Die sechste und siebte Strophe greifen das Motiv der Zeit wieder auf, diesmal im Bild des Sonnenwagens, der einen Zyklus vollendet – eine Anspielung auf den Lauf der Jahreszeiten und damit der Zeit selbst. Das lyrische Ich scheint sich unsicher, in welche Richtung sich die Zeit – repräsentiert durch den Sonnenwagen – bewegen wird. Am Ende scheint das lyrische Ich von den Zeiten mitgerissen zu werden, was Unsicherheit und Verlorenheit ausdrückt.

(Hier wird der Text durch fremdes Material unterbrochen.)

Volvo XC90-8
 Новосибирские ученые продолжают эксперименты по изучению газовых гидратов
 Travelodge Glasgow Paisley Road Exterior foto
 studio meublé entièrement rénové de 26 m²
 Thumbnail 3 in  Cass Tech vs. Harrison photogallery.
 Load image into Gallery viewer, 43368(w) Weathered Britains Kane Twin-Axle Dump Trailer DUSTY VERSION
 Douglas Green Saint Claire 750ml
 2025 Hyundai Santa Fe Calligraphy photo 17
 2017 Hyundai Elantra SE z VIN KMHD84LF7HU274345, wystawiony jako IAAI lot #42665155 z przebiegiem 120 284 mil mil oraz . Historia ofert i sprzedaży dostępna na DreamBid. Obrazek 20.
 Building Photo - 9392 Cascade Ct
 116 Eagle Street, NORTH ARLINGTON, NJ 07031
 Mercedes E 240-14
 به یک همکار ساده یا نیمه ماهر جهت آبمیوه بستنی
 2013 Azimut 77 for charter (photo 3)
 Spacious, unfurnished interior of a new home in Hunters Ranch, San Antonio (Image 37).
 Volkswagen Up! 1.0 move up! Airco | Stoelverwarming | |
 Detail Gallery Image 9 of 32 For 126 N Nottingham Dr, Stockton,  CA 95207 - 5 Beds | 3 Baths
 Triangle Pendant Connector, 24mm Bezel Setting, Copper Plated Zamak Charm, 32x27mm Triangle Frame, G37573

Die Form des Gedichts ist geprägt durch die strenge Vierzeiligkeit der Strophen und die auffällige Gliederung, die den Inhalt strukturiert und betont. In Bezug auf Sprache und Stil fällt zunächst die bildhafte, metaphorische Sprache auf, die Emotionen, Gedanken und subjektive Zustände des lyrischen Ichs verdeutlicht. Zudem verwendet Dehmel eine recht schnörkellose, direkte Ausdrucksweise, die die inhaltliche Aussage unterstreicht.

Weitere Informationen

Das Gedicht „Wendekreislauf“ stammt aus der Feder des Autors bzw. Lyrikers Richard Dehmel. 1863 wurde Dehmel in Wendisch-Hermsdorf, Mark Brandenburg geboren. 1893 ist das Gedicht entstanden. Der Erscheinungsort ist München. Eine Zuordnung des Gedichtes zur Epoche Moderne kann aufgrund der Entstehungszeit des Gedichtes bzw. der Lebensdaten des Autors vorgenommen werden. Bei dem Schriftsteller Dehmel handelt es sich um einen typischen Vertreter der genannten Epoche. Das 139 Wörter umfassende Gedicht besteht aus 28 Versen mit insgesamt 7 Strophen. Der Dichter Richard Dehmel ist auch der Autor für Gedichte wie „Auf der Reise“, „Aufblick“ und „Ballade vom Volk“. Auf abi-pur.de liegen zum Autor des Gedichtes „Wendekreislauf“ weitere 522 Gedichte vor.